== Extracted information ==
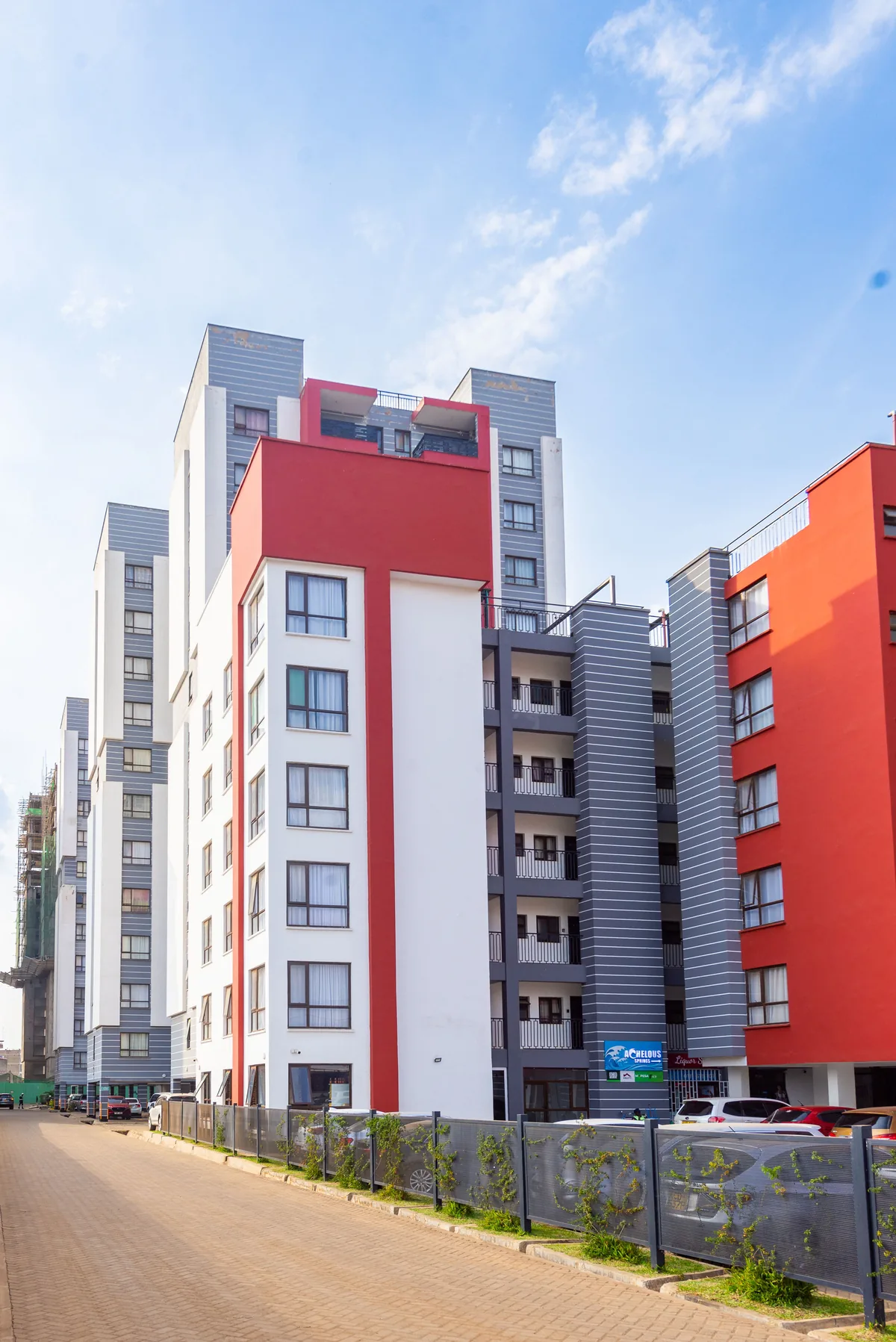 Enkang Apartments — Nairobi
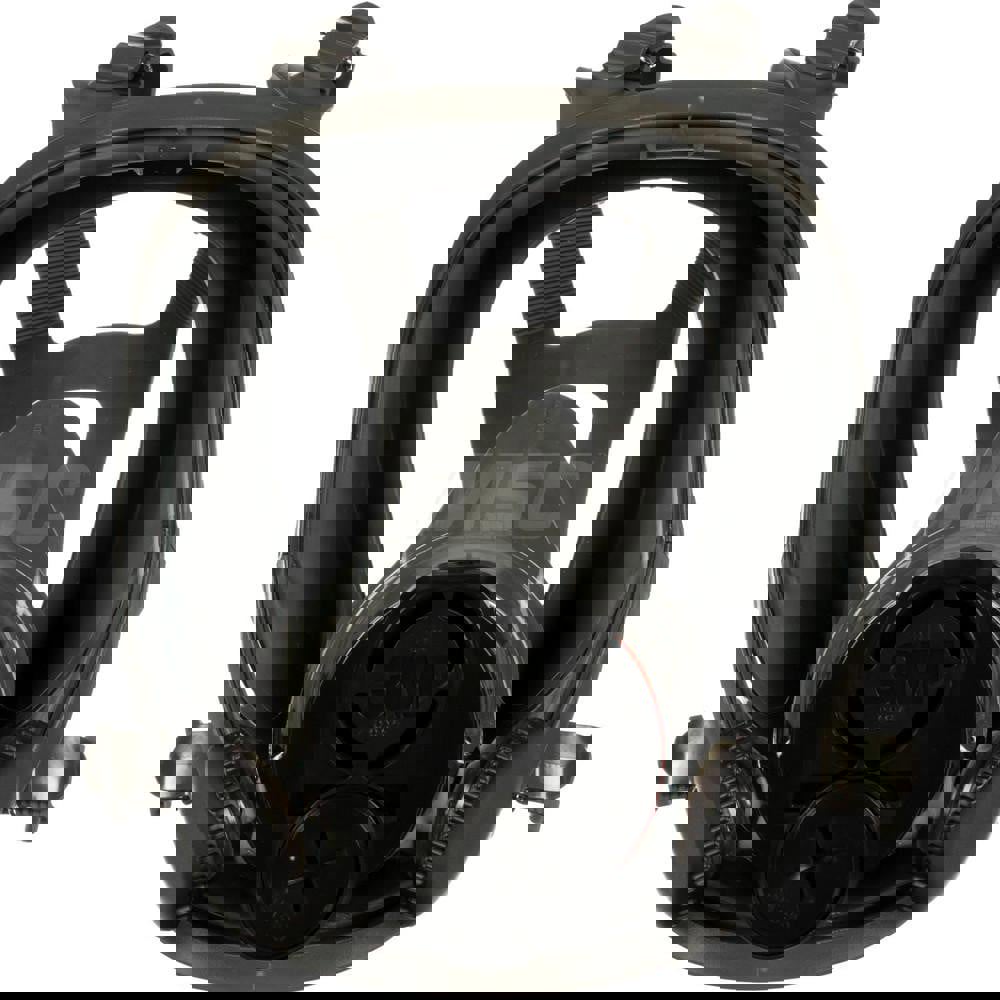 Full Face Respirator: Silicone, Large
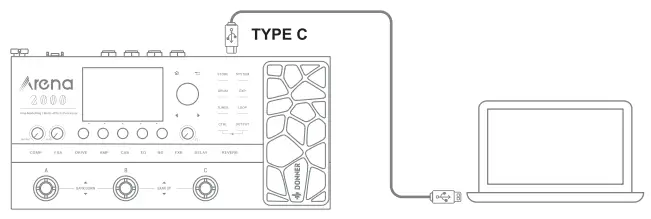 DONNER-EC1790-Multi-Effect-Guitar-Pedal-AMP-Modeling-FIG-17
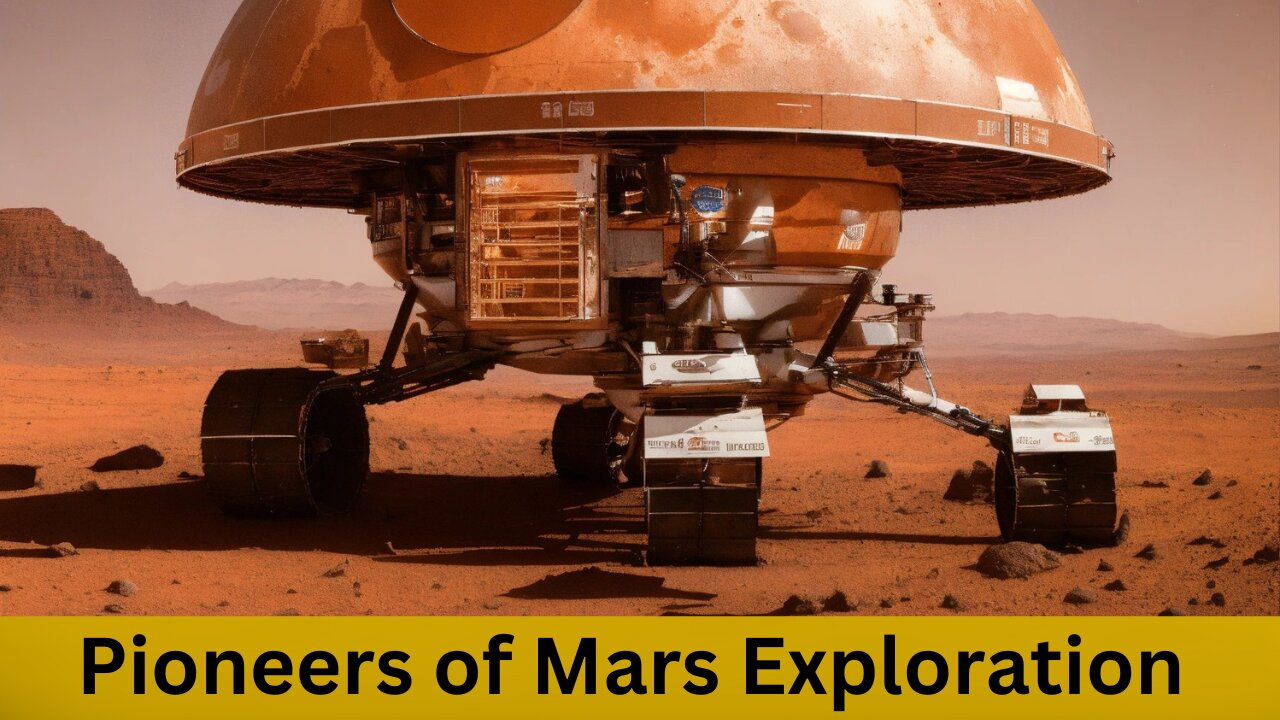 Spirit and Opportunity: Pioneers of Mars Exploration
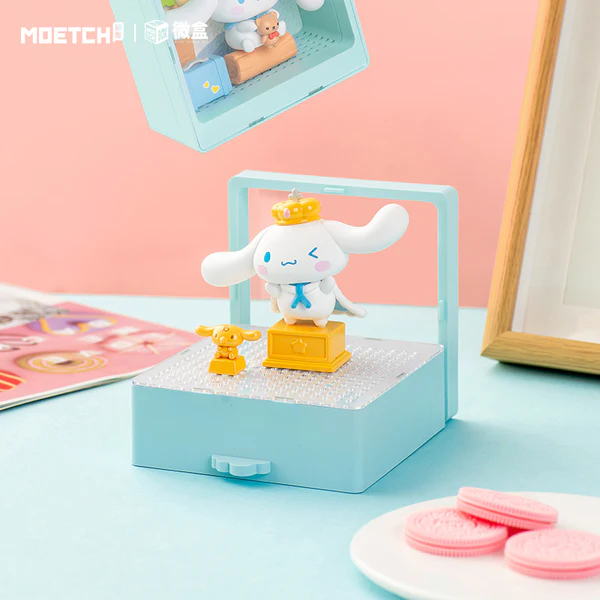 Nendo Addicts - Moetch - Sanrio Cinnamoroll Wish List Blind Box 3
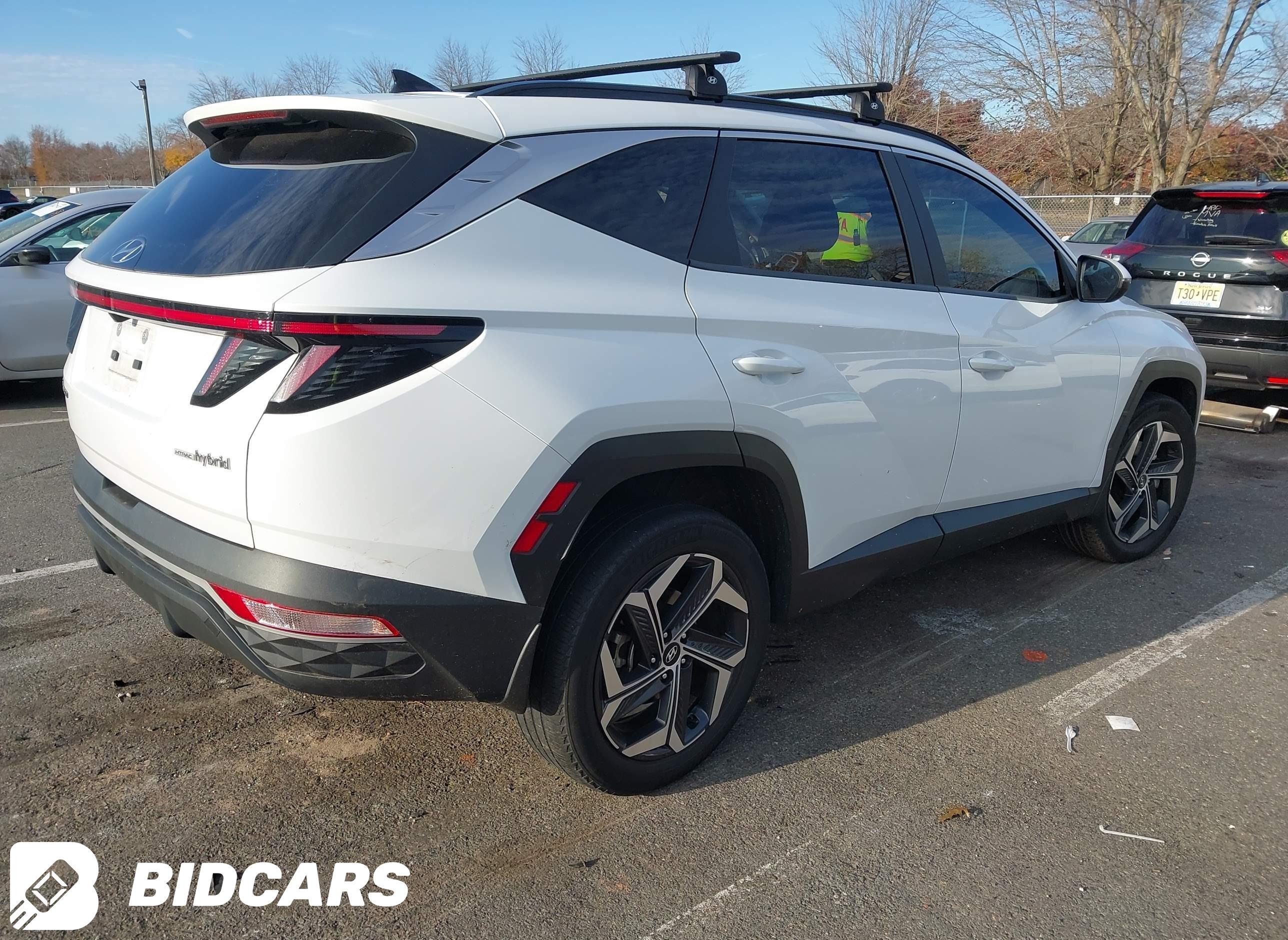 2022 Hyundai Tucson, Hybrid S...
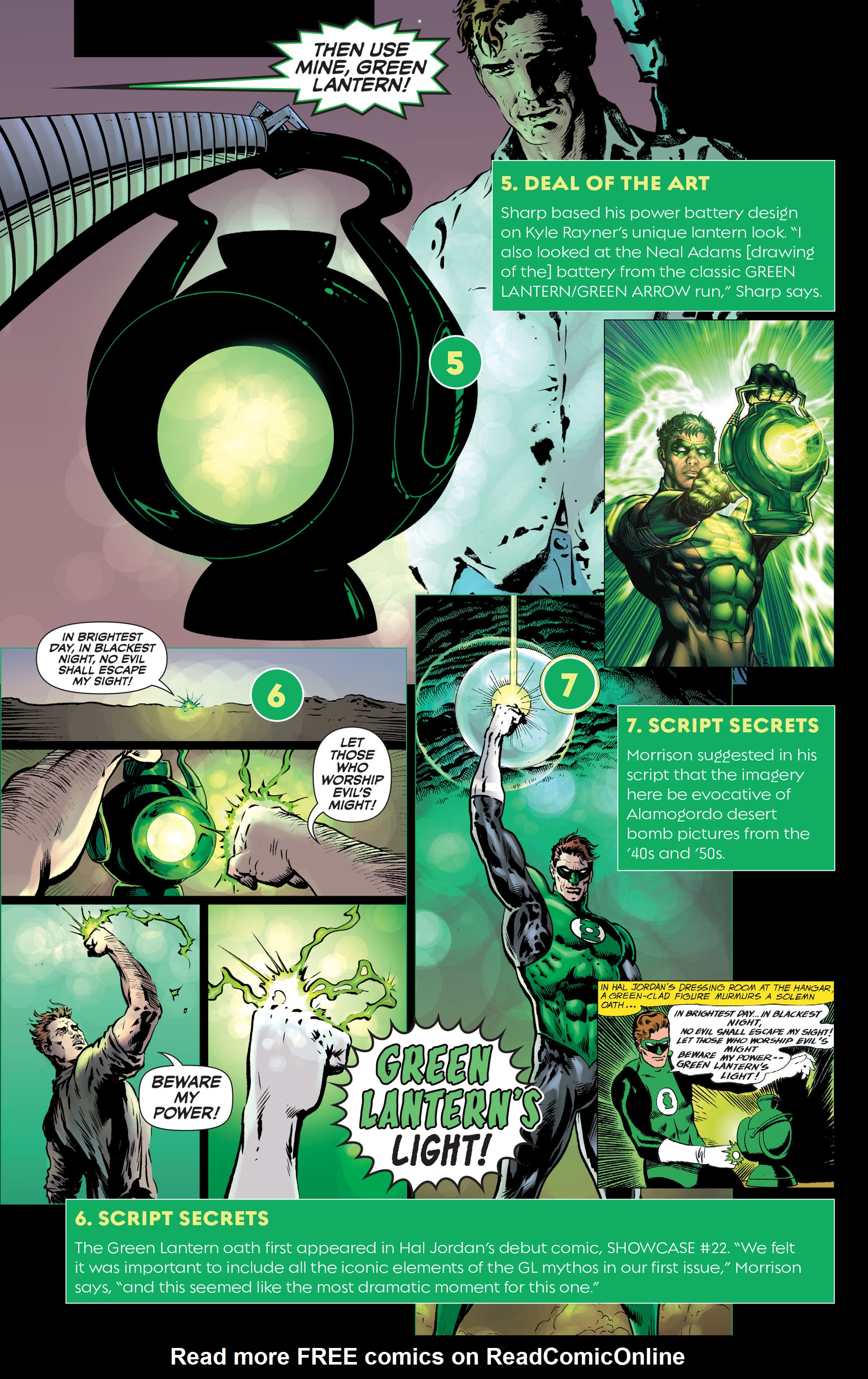 Read online The Green Lantern comic -  Issue # _TPB 1 (Part 2) - 71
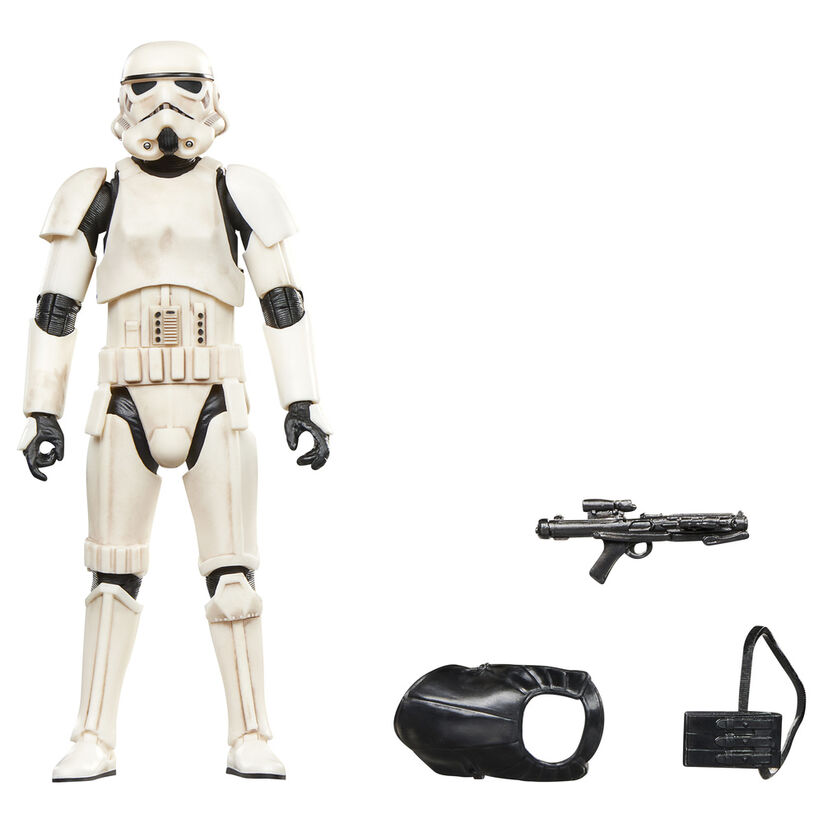 Star Wars The Mandalorian & Grogu Imperial Remnant Stormtrooper figure 15cm - Image 3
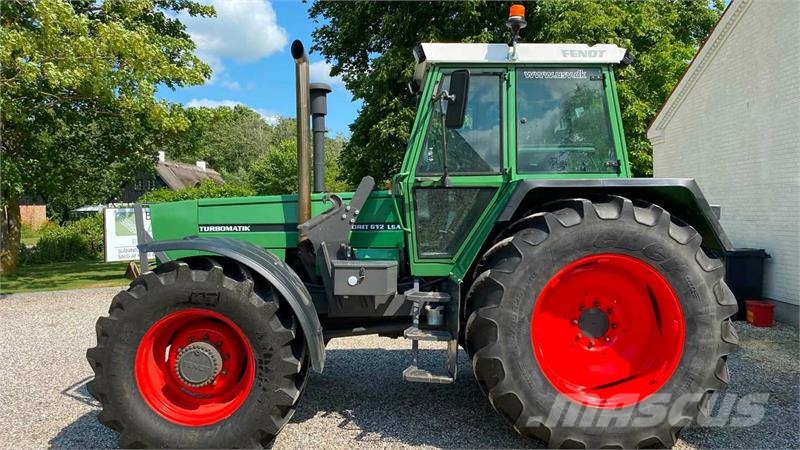 Fendt 612 LSA Favorit Med frontlæsser (Gennem renoveret) Traktory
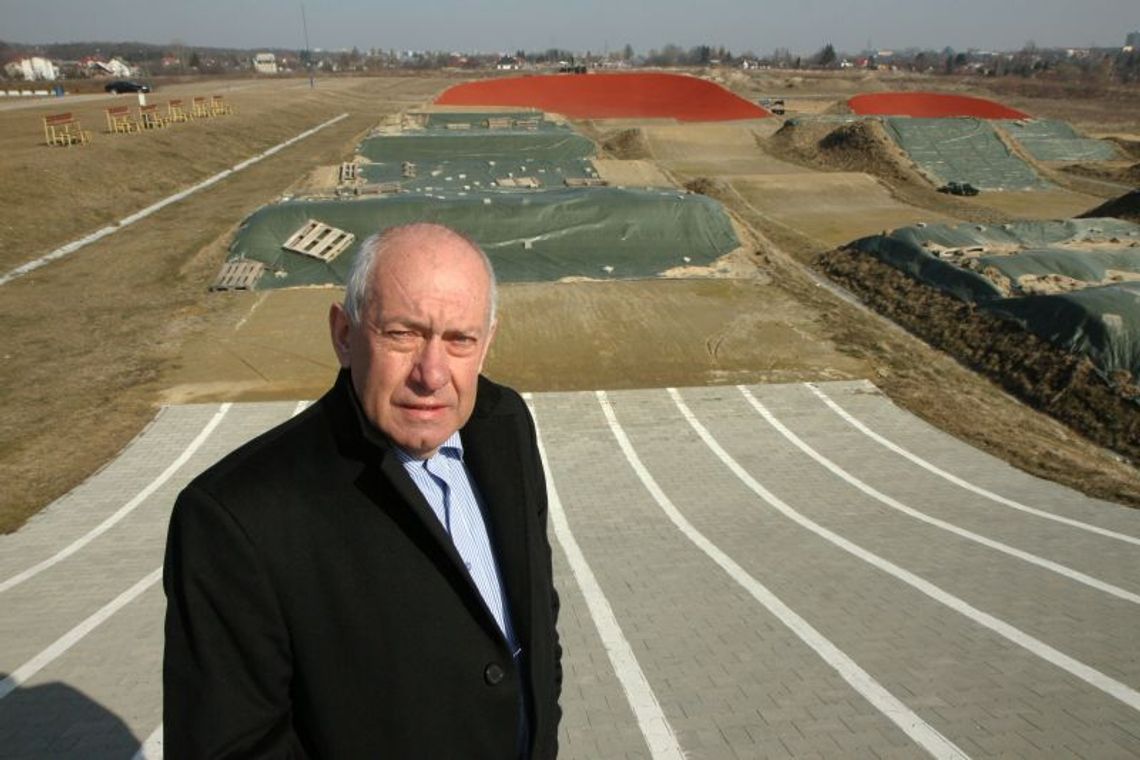 Supertor rowerowy w Lublinie bez toalet, a goście już jadą Supertor rowerowy w Lublinie bez toalet, a goście już jadą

== Your instructions ==
Where an entry includes an image, leave that image out; otherwise, reproduce everything exactly.

== Task answer ==
 Enkang Apartments — Nairobi
 Full Face Respirator: Silicone, Large
 DONNER-EC1790-Multi-Effect-Guitar-Pedal-AMP-Modeling-FIG-17
 Spirit and Opportunity: Pioneers of Mars Exploration
 Nendo Addicts - Moetch - Sanrio Cinnamoroll Wish List Blind Box 3
 2022 Hyundai Tucson, Hybrid S...
 Read online The Green Lantern comic -  Issue # _TPB 1 (Part 2) - 71
 Star Wars The Mandalorian & Grogu Imperial Remnant Stormtrooper figure 15cm - Image 3
 Fendt 612 LSA Favorit Med frontlæsser (Gennem renoveret) Traktory
 Supertor rowerowy w Lublinie bez toalet, a goście już jadą Supertor rowerowy w Lublinie bez toalet, a goście już jadą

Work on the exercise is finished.